Updated 10/19/2017
The Lincoln Institute of Land Policy is joining the Organization for Economic Cooperation and Development (OECD) and mayors from across the globe this week to adopt the Seoul Implementation Agenda, a framework for cities to foster inclusive growth and respond to the challenges of climate change.
The framework, adopted at the Third Meeting of the OECD Champion Mayors for Inclusive Growth on Oct. 19 in Seoul, South Korea, is the latest in a series of international agreements to promote sustainable urbanization in the coming decades, including the Sustainable Development Goals adopted by United Nations member states in 2015, and the New Urban Agenda adopted at the Habitat III conference in 2016. The Lincoln Institute has been engaged in these efforts to help promote municipal fiscal health and better land use practices.

The OECD’s Champion Mayors for Inclusive Growth Initiative, in which the Lincoln Institute is a partner, was launched as part of the broader OECD Inclusive Growth initiative. The Champion Mayor’s initiative is an effort to tackle inequalities and promote inclusive growth policies in cities. In 2016, more than 40 global mayors signed on to the New York Proposal for Inclusive Growth in Cities, laying out policy priorities to achieve the initiative’s goals, and the Paris Action Plan for Inclusive Growth in Cities, a more detailed agreement focused on addressing inequality in education, the labor market, housing and the urban environment, and infrastructure and public services.

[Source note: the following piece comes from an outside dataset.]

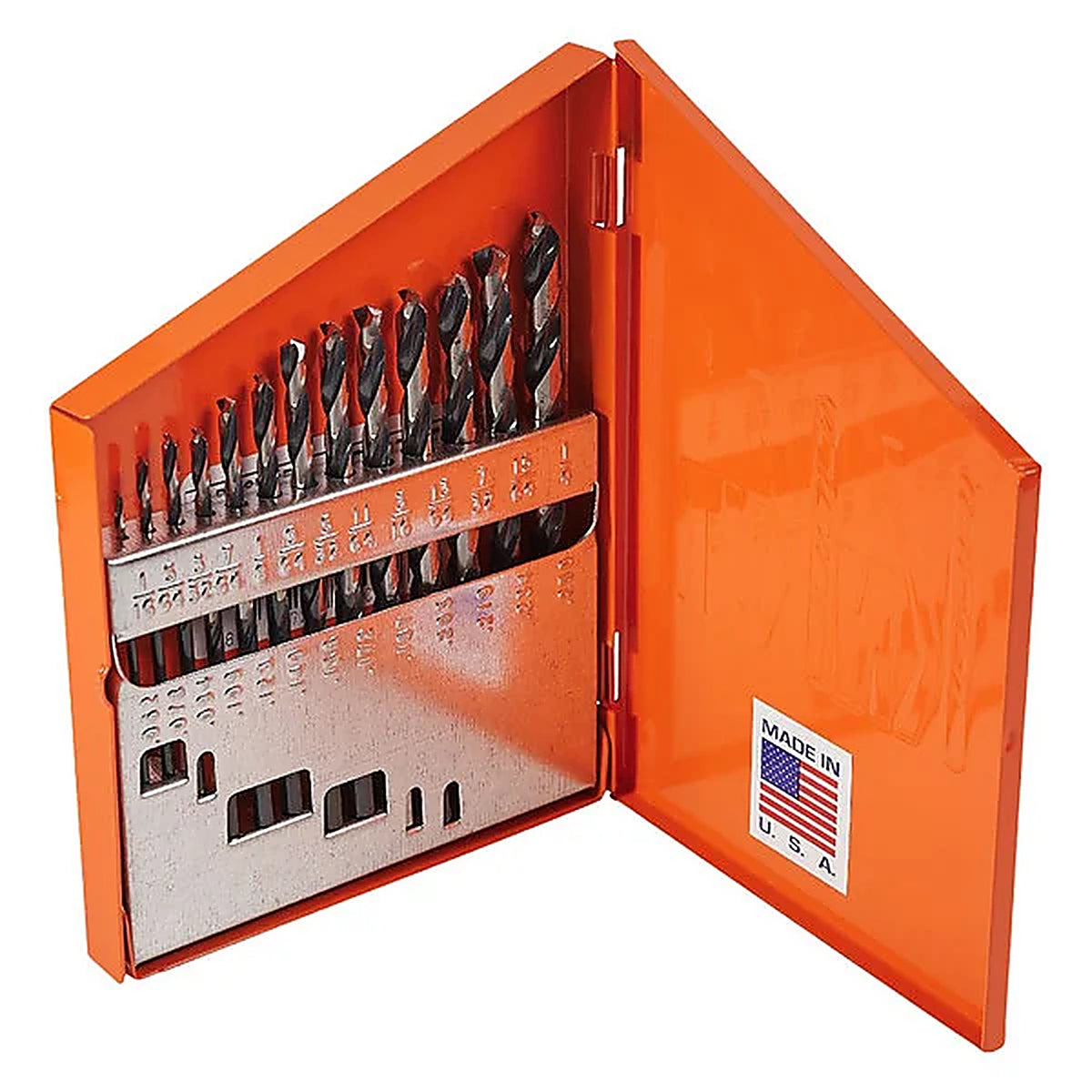 KnKut - 13KK5 - 13 Pc. Jobber Length Drill Bit Set, 1/16 in -1/4 in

The Lincoln Institute is one of several civil society partners including the Ford Foundation, the Brookings Institution, the Cities Alliance, the C40 Cities Climate Leadership Group, ICLEI – Local Governments for Sustainability (formerly the International Council for Local Environmental Initiatives), the National League of Cities, United Cities and Local Governments, and United Way Worldwide.

The Champion Mayors initiative is part of an ongoing Lincoln Institute-OECD collaboration, focused on land use governance, land value capture, climate change, urban planning for resiliency, green finance, and other land policy issues.
As part of the partnership with OECD, Policy Analyst Sena Segbedzi of the Lincoln Institute’s International and Institute-Wide Initiatives team is working with the OECD at the organization’s headquarters in Paris on the Champion Mayors initiative and other sustainable development projects. Segbedzi is a former program manager for the Ford Foundation, where she helped promote housing, transportation, and employment opportunities in U.S. cities including Detroit. She has extensive international experience including designing an emergency management plan for Lyon, France, assessing waste management systems in Senegal, and analyzing domestic violence advocacy programs in Ghana.